Action item | The required output is a verbatim transcription of the listing, pictures excluded.

Given information |

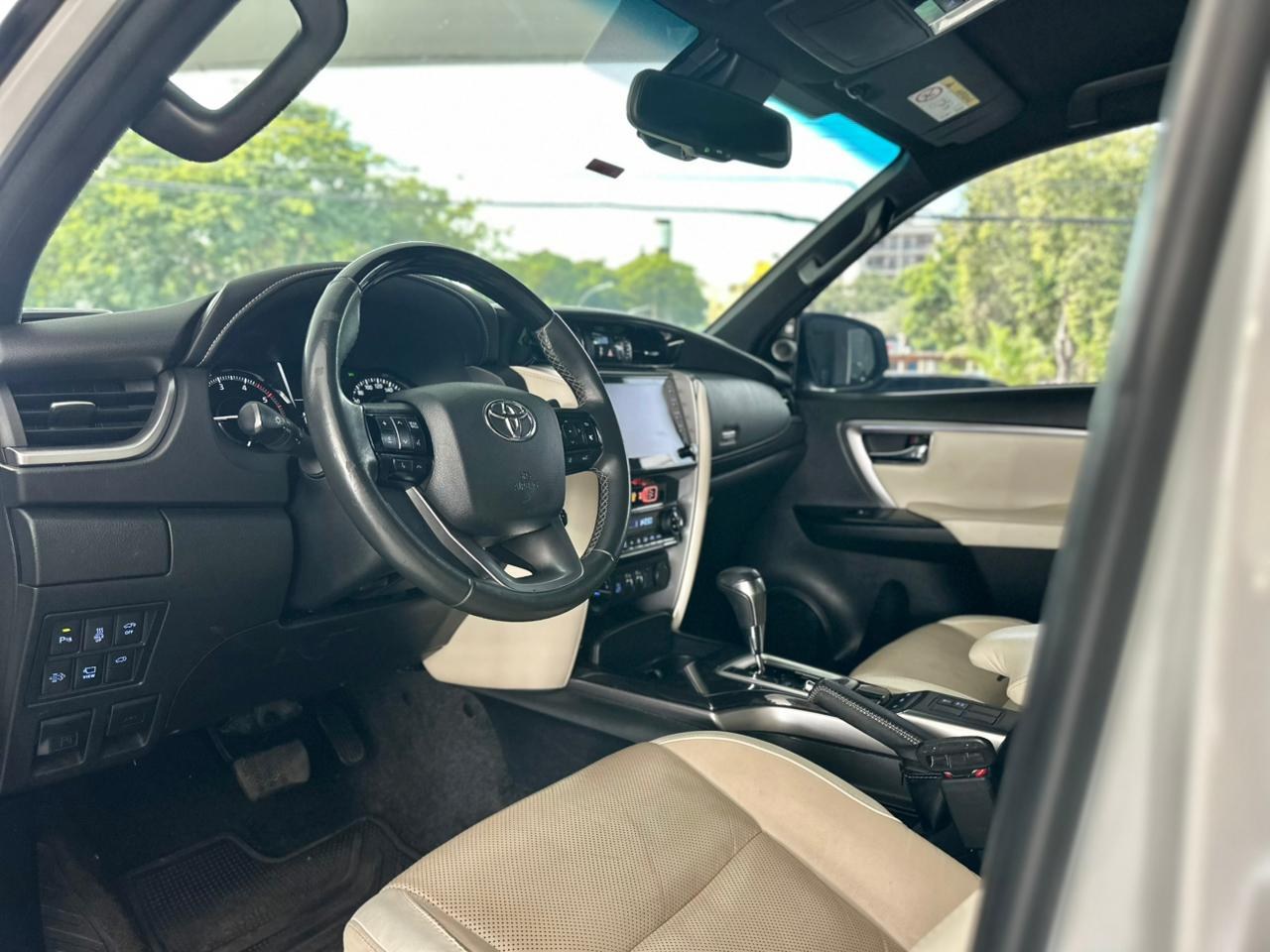 TOYOTA Hilux SW4 2.8 4P SRX 4X4 DIAMOND 7 LUGARES TURBO DIESEL AUTOMÁTICO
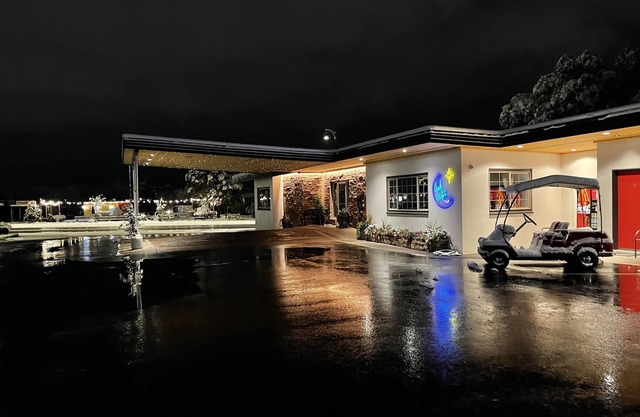 The Sapphire Motel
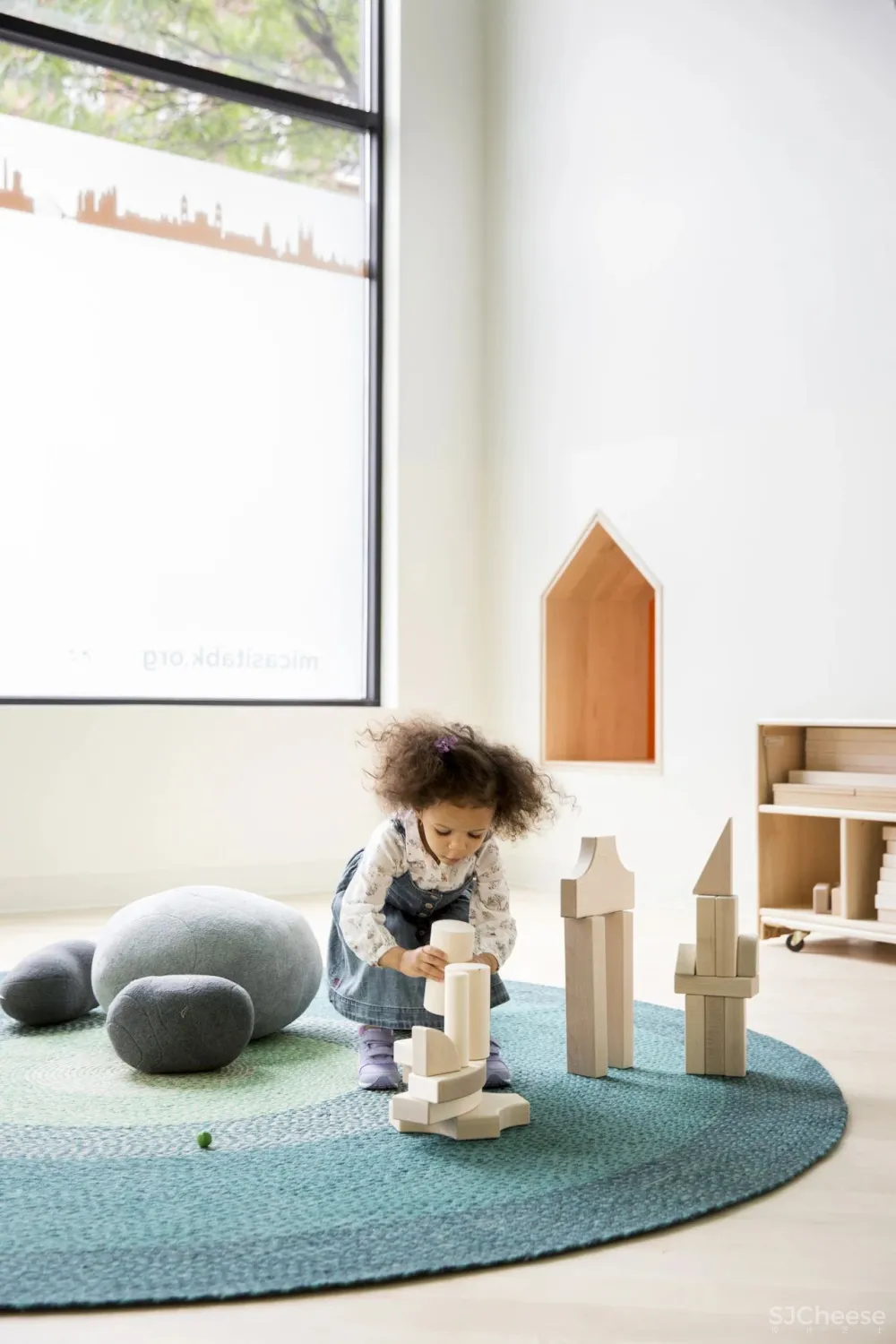 BAAO Architects 拱形门廊下的设计想象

Answer for the task |
 TOYOTA Hilux SW4 2.8 4P SRX 4X4 DIAMOND 7 LUGARES TURBO DIESEL AUTOMÁTICO
 The Sapphire Motel
 BAAO Architects 拱形门廊下的设计想象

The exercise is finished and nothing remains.